▸ Problem details
Search the listing below for the line with "Hayate The Combat Butler Chapter 447 Page 5", then write out that line and every one after it exactly, without the pictures.

▸ Input data
##########
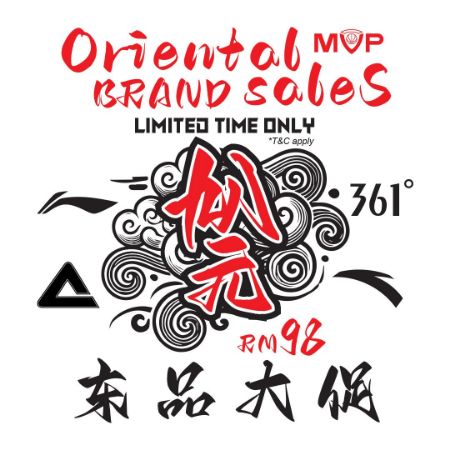 Picture for category ORIENTAL BRAND SALE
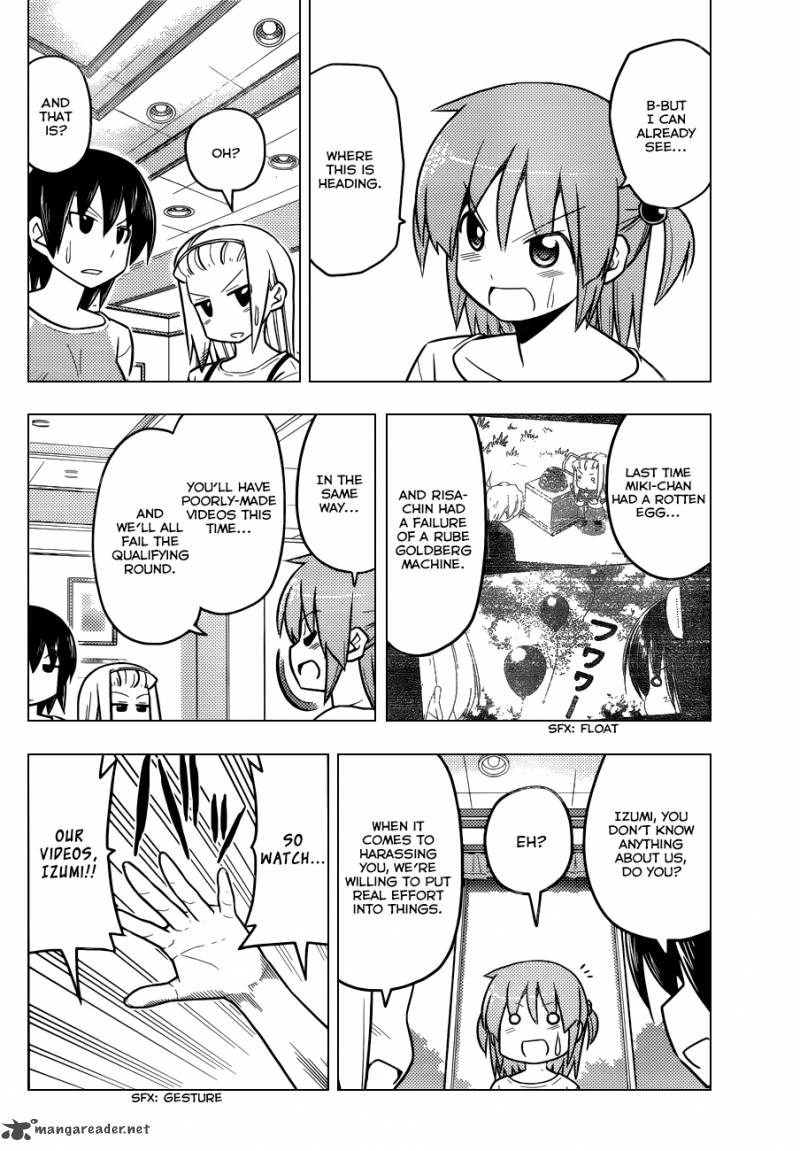 Hayate The Combat Butler Chapter 447 Page 5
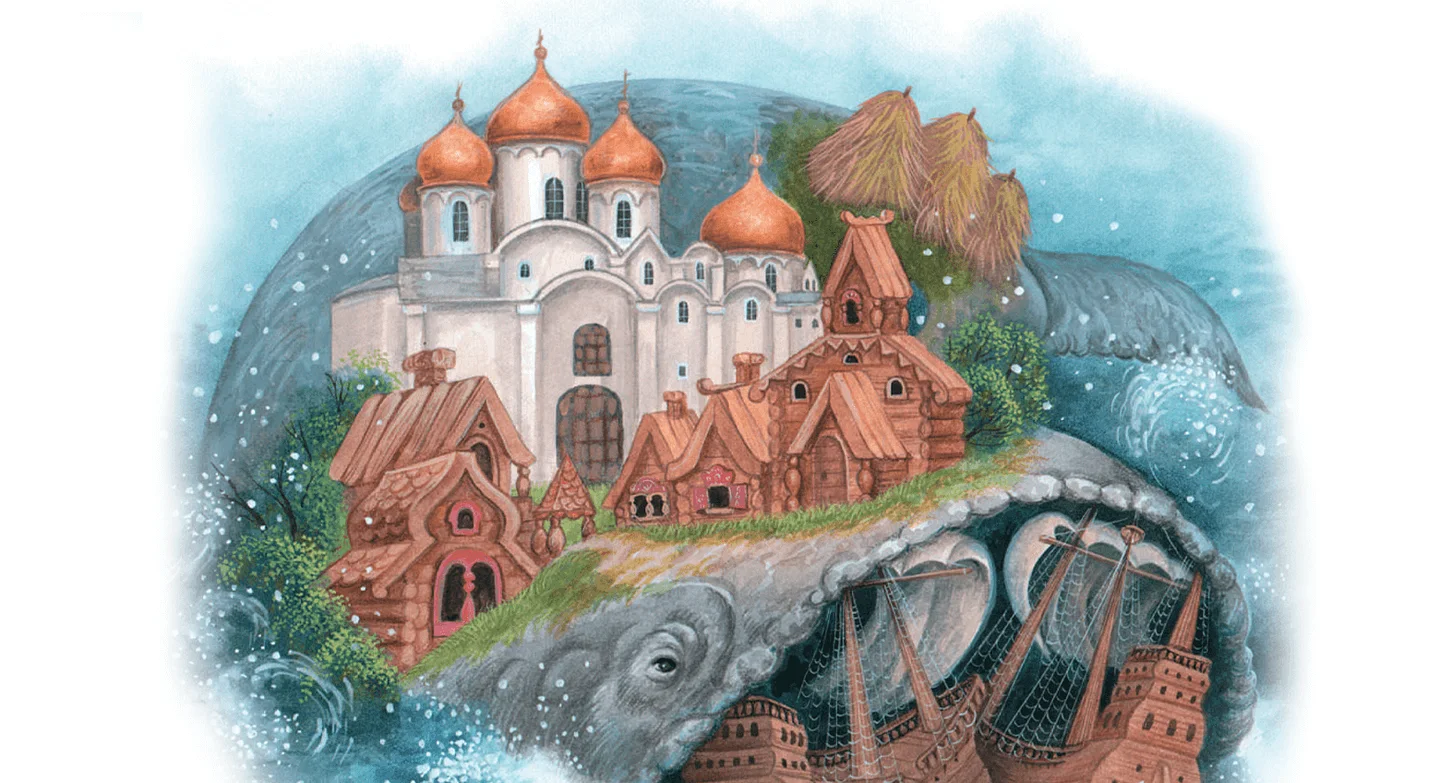 Иллюстрация из книги «Сказки бабушки Корольковой»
##########
▸ Answer section
 Hayate The Combat Butler Chapter 447 Page 5
 Иллюстрация из книги «Сказки бабушки Корольковой»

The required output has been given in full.